Six years ago, the Swedish retail giant Ikea planned a 60 million euro megastar just a few kilometers from where the Tower of Pisa leans into the earth. Backers said the huge construction project, new roads and wave of shoppers would bring hundreds of sorely needed jobs to this rural corner of Tuscany.
But things got tangled, as they often do in Italy, where bureaucracy and politics can easily overwhelm economics. As Italy teeters on the edge of the European debt crisis, it cannot afford more setbacks like that one.
Otherwise, despite having the world’s seventh largest economy, Italy may have little hope of outgrowing the staggering debt load that could threaten its financial future, and that of the euro monetary union.
The amount of Italy’s debt held by foreigners, nearly 800 billion euros, is more than that of Greece, Ireland and Portugal combined. Should Italy stumble, the aftershocks would be more disruptive than anything the euro zone has felt so far in the crisis.
As higher, interest rates make it even harder for Italy to reduce its debt, the main recourse would seem to be faster growth.
Growth has resumed, but the International Monetary Fund predicts ‘another decade of stagnation,’ with Italy’s gross domestic product expanding by only about 1.4 percent annually in the next few years.

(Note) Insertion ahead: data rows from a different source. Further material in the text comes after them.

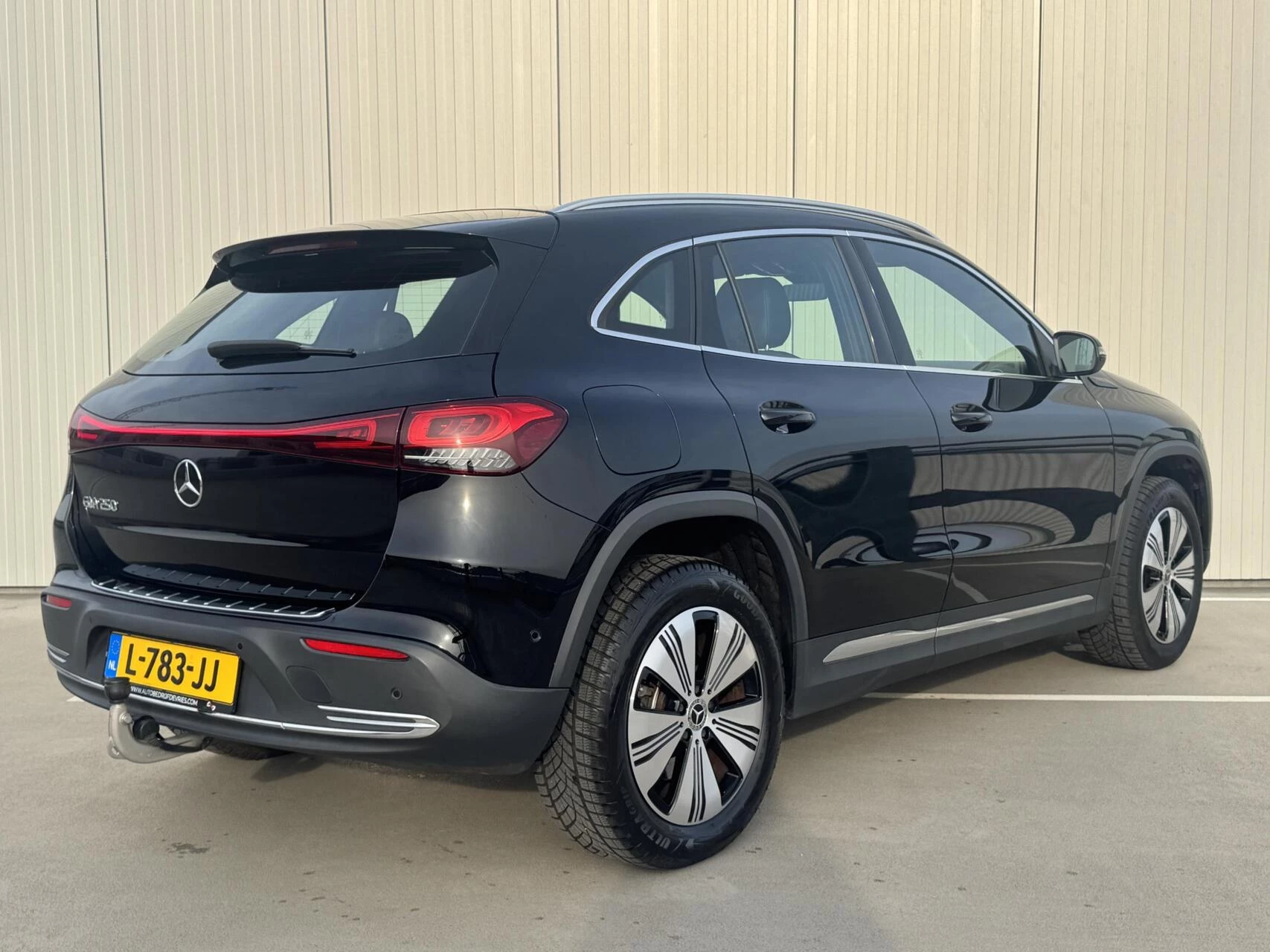 Hoofdafbeelding Mercedes-Benz EQA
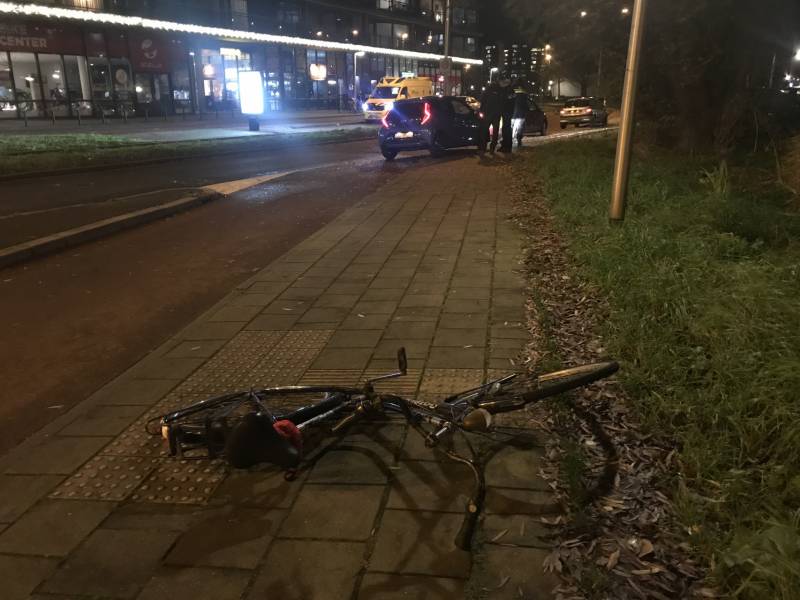 Fietser aangereden door personenauto
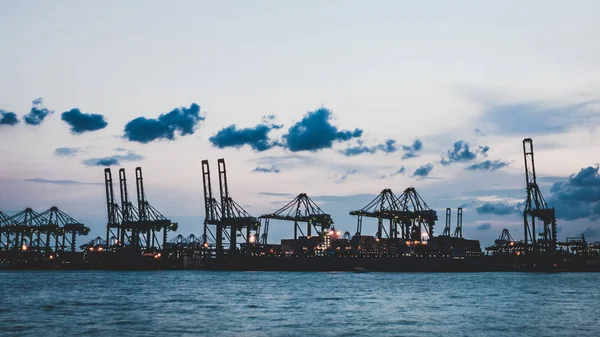 Singapur deniz limanı terminalinin 2019-08-22 gün batımı manzarası.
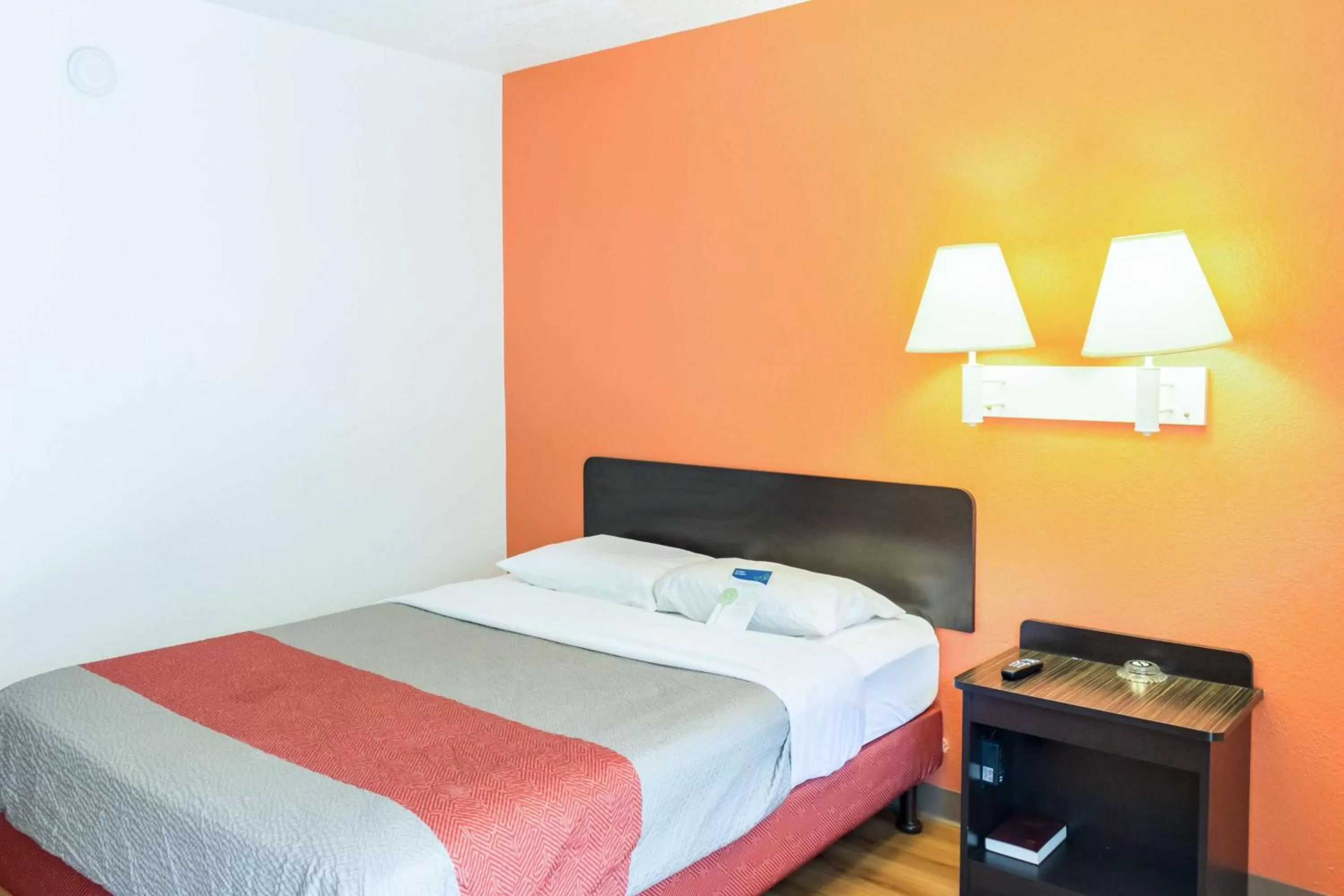 TV and multimedia, Bed in Motel 6-Bakersfield, CA - East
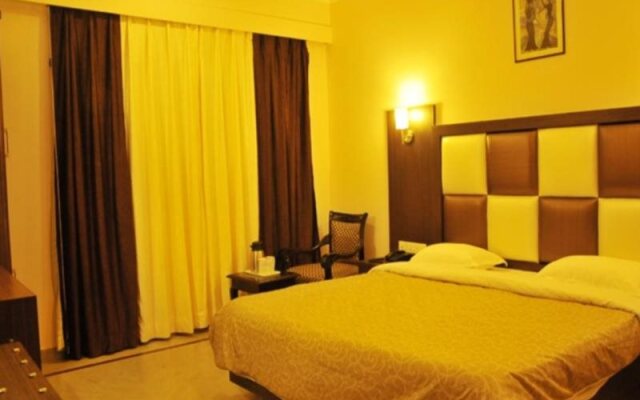 Paramount Hotel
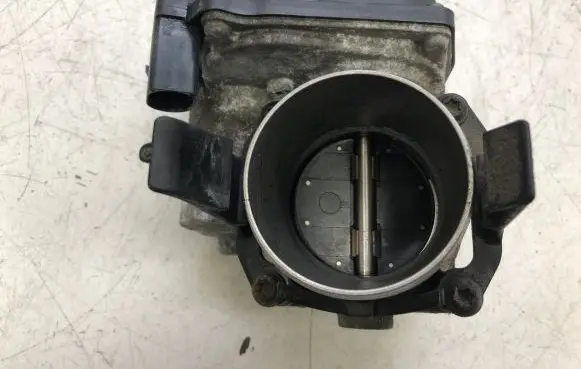 Volkswagen Golf VI Throttle valve 03C133062S A2C53367619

The barriers to growth make for a daunting list. For starters, national leaders like Prime Minister Silvio Berlusconi and even mayors of the smallest towns tend to be caught up in politics that distract them from the economy’s plight. And corporate taxes are around 31 percent, not counting an array of local taxes on businesses.
Italy must not only encourage big corporate investments like the Ikea project, experts say, but also remove impediments that stifle growth in the thousands of small and medium size companies in its economy.
Italy is also plagued by a black market that is estimated to make up to 20 percent of the economy. Few believe the government can easily eliminate the black market economy. But Italy’s leader could start untangling the bureaucracy that ensnared Ikea and put strain on thousands of smaller companies.